Source data: Begin
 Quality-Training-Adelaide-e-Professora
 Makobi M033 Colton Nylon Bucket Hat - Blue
Source data: End
Source data: Begin
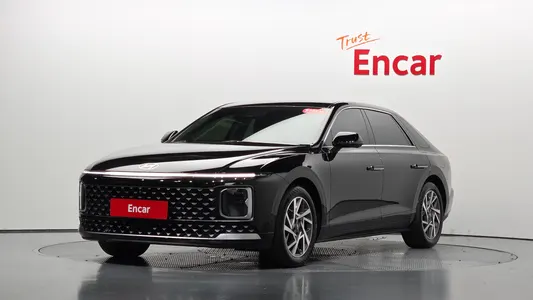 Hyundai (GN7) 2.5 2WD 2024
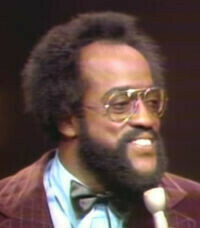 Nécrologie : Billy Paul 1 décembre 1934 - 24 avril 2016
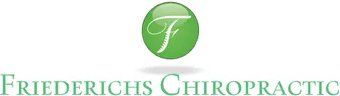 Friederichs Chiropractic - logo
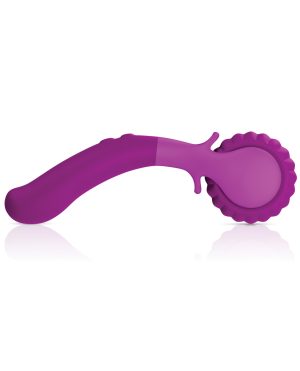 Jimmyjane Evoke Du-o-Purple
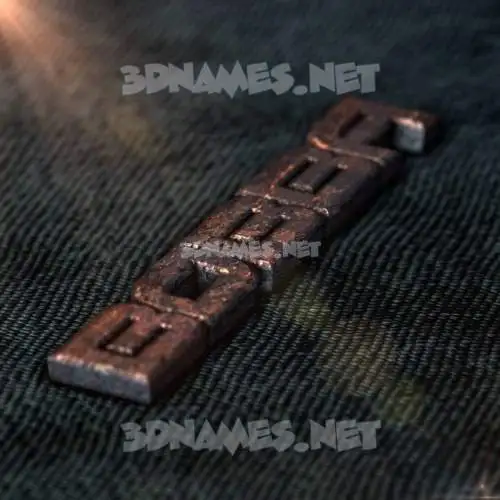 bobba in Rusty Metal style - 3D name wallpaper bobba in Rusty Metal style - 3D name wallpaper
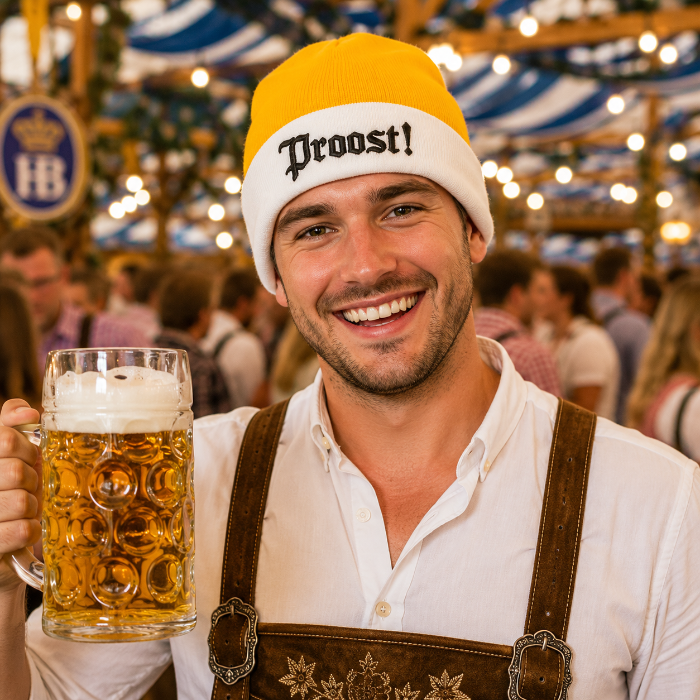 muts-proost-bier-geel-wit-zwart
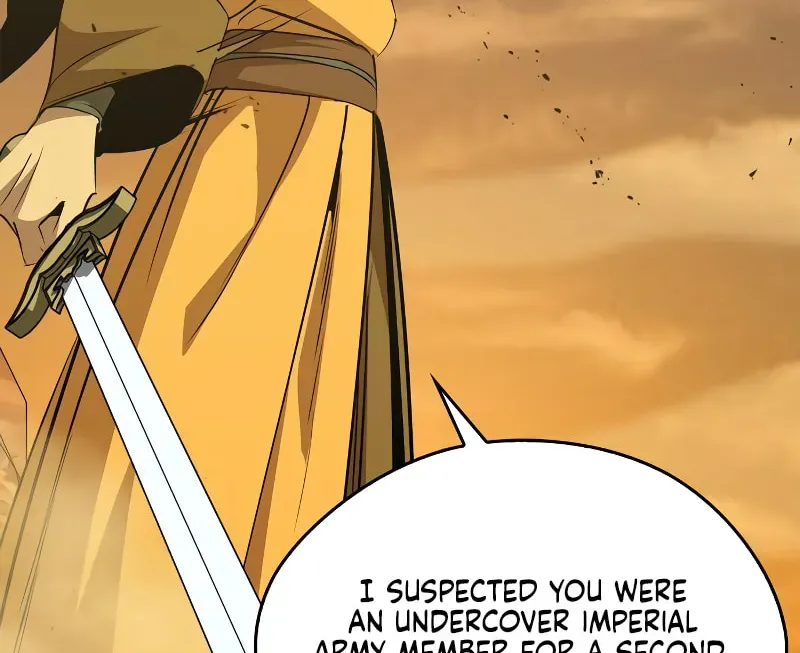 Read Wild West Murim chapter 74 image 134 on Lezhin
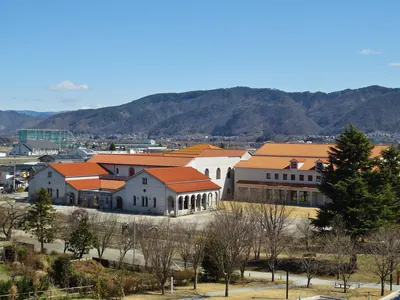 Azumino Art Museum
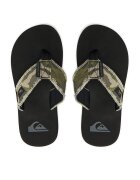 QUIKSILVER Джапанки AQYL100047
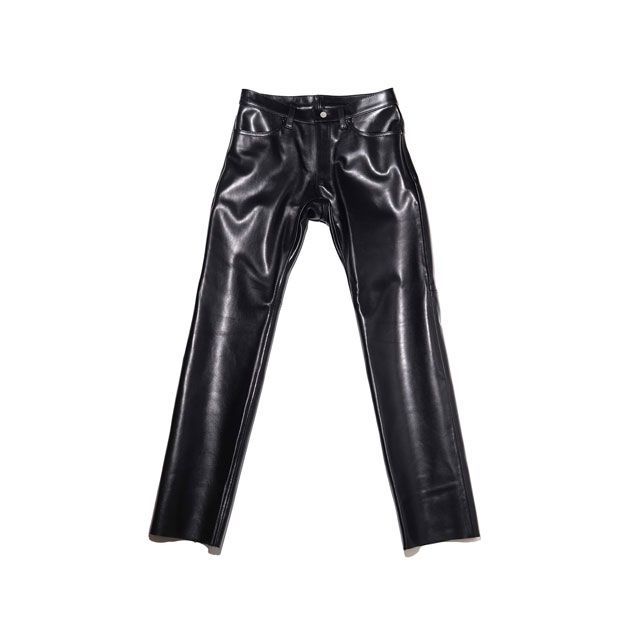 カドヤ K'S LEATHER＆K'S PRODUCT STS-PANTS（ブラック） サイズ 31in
Source data: End
▸ Instructions to follow
Using the listing above, return word for word each line from the one that has "Quality-Training-Adelaide-e-Professora" through the one that has "Makobi M033 Colton Nylon Bucket Hat - Blue", and no line outside that range.

▸ Response to this task
 Quality-Training-Adelaide-e-Professora
 Makobi M033 Colton Nylon Bucket Hat - Blue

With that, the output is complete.